A series of short-sighted missteps by the management and board of Korea Electric Power Corporation (KEPCO) have weighed on its profitability and business viability. This also indicates that KEPCO has become overconfident of government bailout.
KEPCO’s inability to service its debt fundamentally warrants it not bankable. In addition, its negligible renewable generation assets and questionable future generation mix suggest that its green bond issuances were merely tokenism, putting its green bondholders at risk of greenwashing.
IEEFA's findings expose KEPCO’s lack of credible track record to see it through a clean energy transition. Its ability to finance its decarbonization remains uncertain.

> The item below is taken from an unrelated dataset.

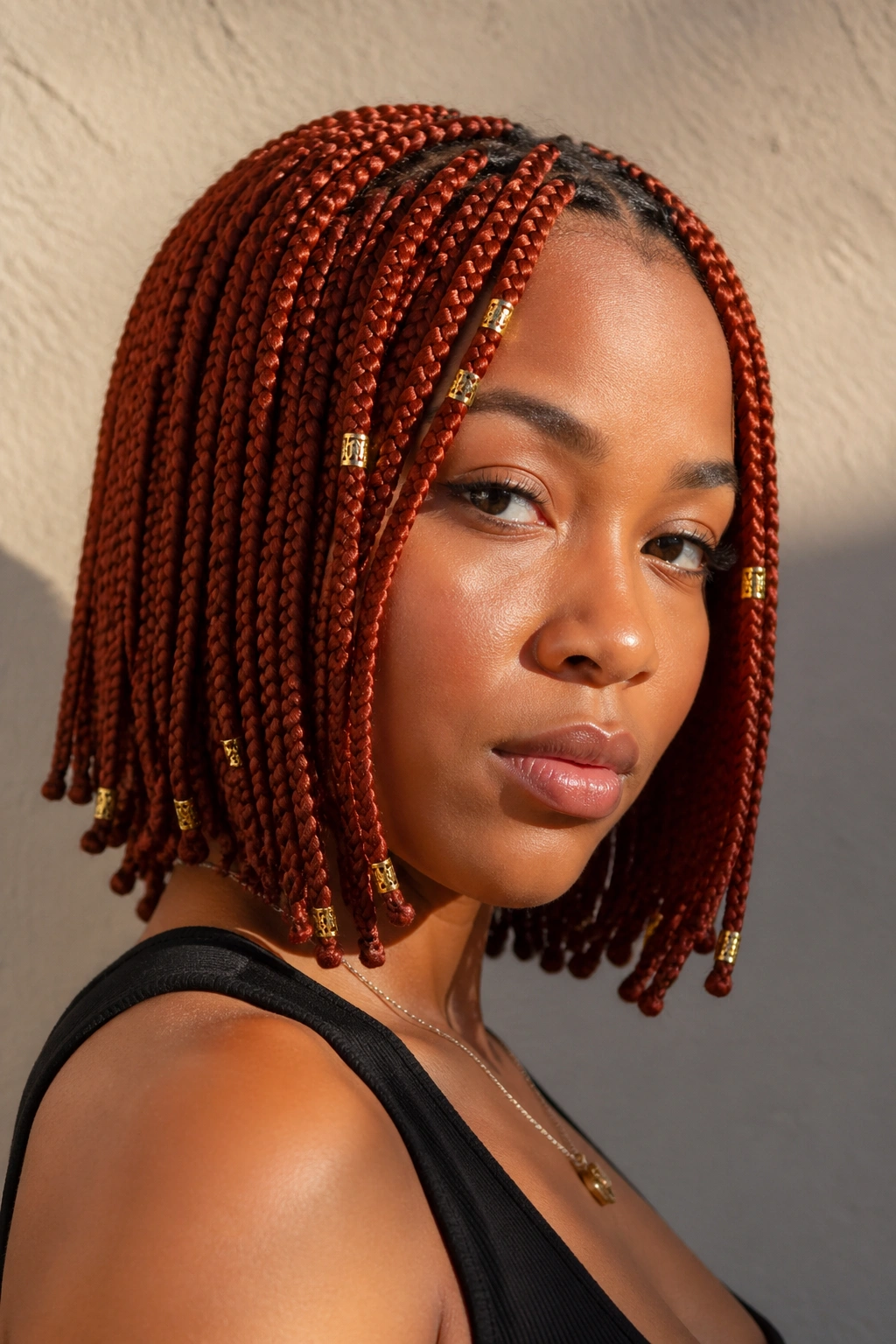 Close-up of copper red short box braids with gold accents on a real person.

Overexposure to fossil fuels and financial challenges are warning signs for debt investors
The global power sector’s decarbonization and transition to net zero emissions are determined by two factors: credible, strategic and disciplined decisions; and funding to support the plans.

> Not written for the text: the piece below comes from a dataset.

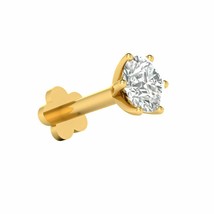 14k Oro 3.5mm Diamanti Finti Naso Labbra per Vite Bottone Anello Piercing Pin - £61.44 GBP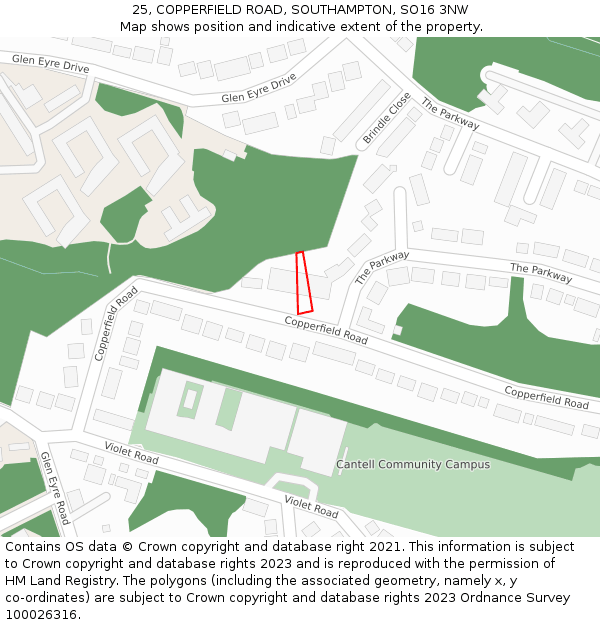 25, COPPERFIELD ROAD, SOUTHAMPTON, SO16 3NW: Location map and indicative extent of plot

However, these attributes have proven difficult for South Korean state-owned electricity provider Korea Electric Power Corporation (KEPCO).
In 2020, IEEFA reported on KEPCO’s unstable returns and risky overseas coal investments, which was at odds with market trends and climate warnings against new fossil fuel projects.

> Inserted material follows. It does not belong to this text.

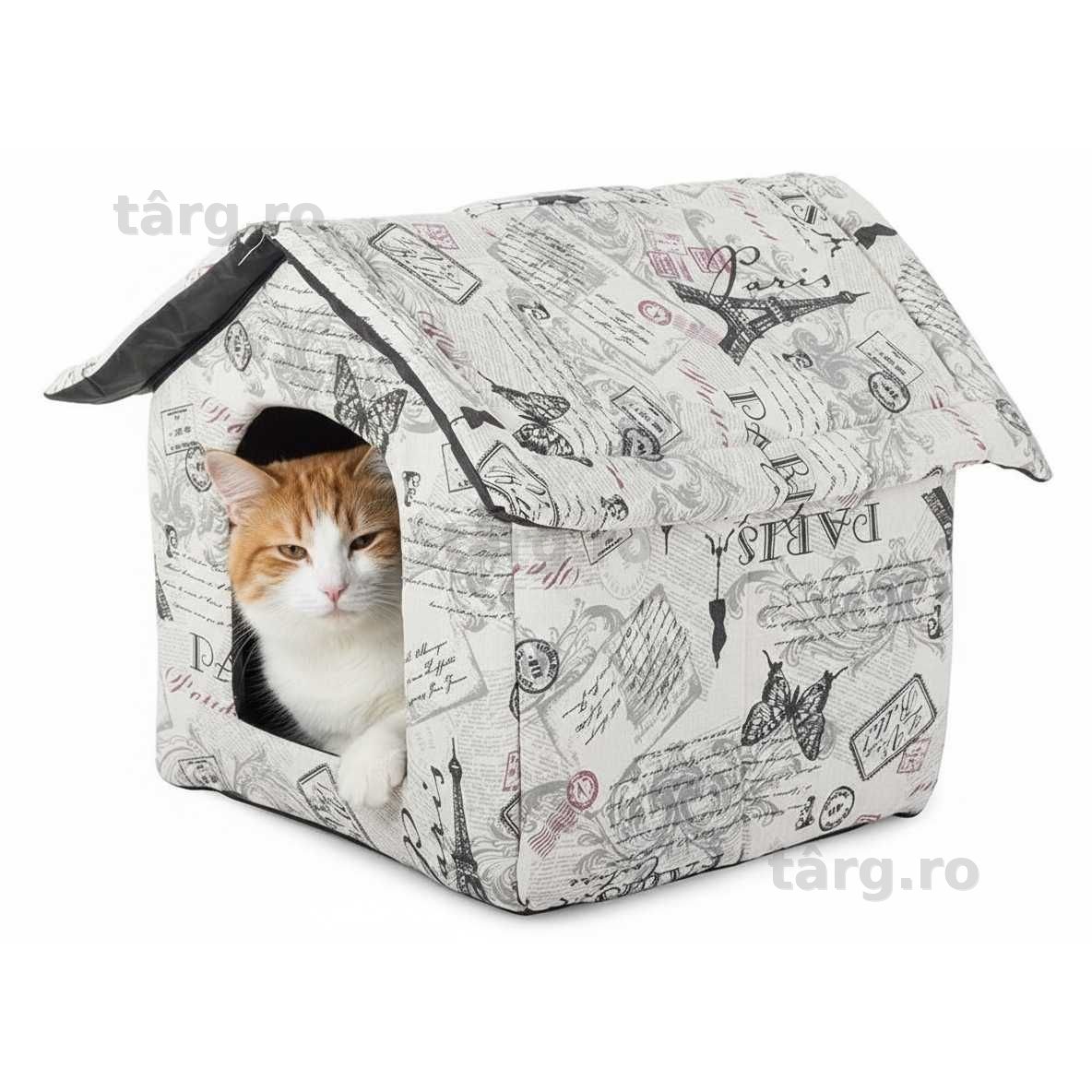 Casuta pliabila pentru pisici cu pernuta detasabila Paris 32x31x29 cm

Two years later, following its US$6 billion record-high operating loss in Q1 2022, KEPCO declared it was selling fossil fuel-fired power plants outside the country.
Divesting these assets is the right move. However, given the challenges with fossil fuels, who will still buy these plants and at what price?
This report analyses how KEPCO got into this situation and raises questions about the potential risk to its debt investors and the uncertainty of its transition plans.